Very quickly, the other opportunities fell away and the Lord led me to the job I have now, and I can attest to the fact that it is one of the hardest things I have ever done. It is challenging, and some days have been harder than others, but more than anything, I feel a determination to persist because I know this is where the Lord has called me to be. I have felt His favor as I navigated the hallways and workspaces; peace in the midst of chaos, access where others have been denied and the affirmation that this is where the Lord has and needs me makes the difficulties worthwhile and the challenges exciting.
It sounds counterproductive and perhaps even impossible, but such is often said of life as a Christian. We are doing and experiencing the impossible through our relationship with Our Father and the Spirit of Christ that is deposited to us. It would be one thing to be experiencing challenges which is par for the course in everyone’s life, believer or nonbeliever, but it is another thing entirely to be experiencing challenges of your own making, which I can definitely attest to doing. However, to be experiencing trials ordained by the Lord, trials that are ultimately working patience and enabling me to ever be more like Christ, how can I not be joyful when that is our daily aim? To be crucified with Christ (Galatians 2:20).
As I am being challenged, God is at work. My other favorite scripture is “Being confident of this very thing, that he who hath begun a good work in you will perform it until the day of Jesus Christ.” I rejoice because the challenges mean God is at work. The work of Christ is being done in me and for the believer, there should be no greater joy. I was reading Acts a few months ago and after the Apostles were imprisoned and commanded never to speak the name of Jesus, the Bible says, “And they departed from the presence of the council, rejoicing that they were counted worthy to suffer shame for his name.” How many of us genuinely rejoice when we have difficulties? How different our trials would look if we looked at them through the lens, not of our flesh, through complaint or even personal convenience but instead through the lens of faith (2 Corinthians 5:7) ? Everything we must endure pales in comparison to eternity and Calvary. What is a challenging job, frustrating coworker in comparison to crucifixion? What is any challenge in comparison to eternity? Paul said it quite beautifully in Romans 8:18:
“For I reckon that the sufferings of this present time are not worthy to be compared with the glory which shall be revealed in us.”

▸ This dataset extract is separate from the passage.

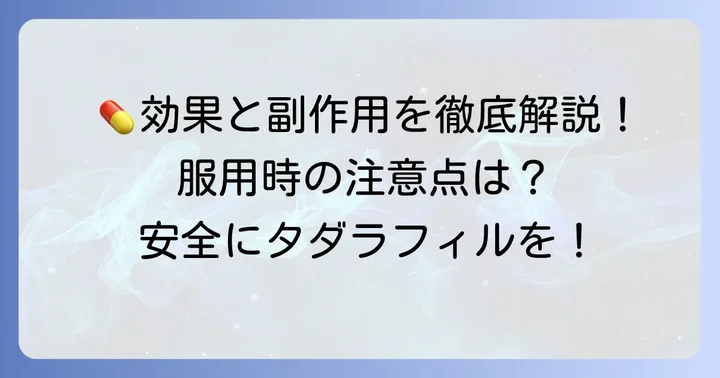タダラフィルサワイの効果と副作用、服用時の注意点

I am not immune to difficulty, to experiencing challenges and the trials of life. I’m human, but when I remind myself of the promises of God, one of the chief among them being that “greater is He that is in me than He that is in the world,” (1 John 4:4), I am reminded that I am not alone and of Psalm 118:16:
“The Lord is on my side; I will not fear: what can man do unto me?“
Let us rejoice this day and every day because we have the victory! Because daily we are dying to ourselves so that we may become like Christ. Because in the end, we shall come forth as pure gold and be lacking nothing. This should be our daily lens and aspiration!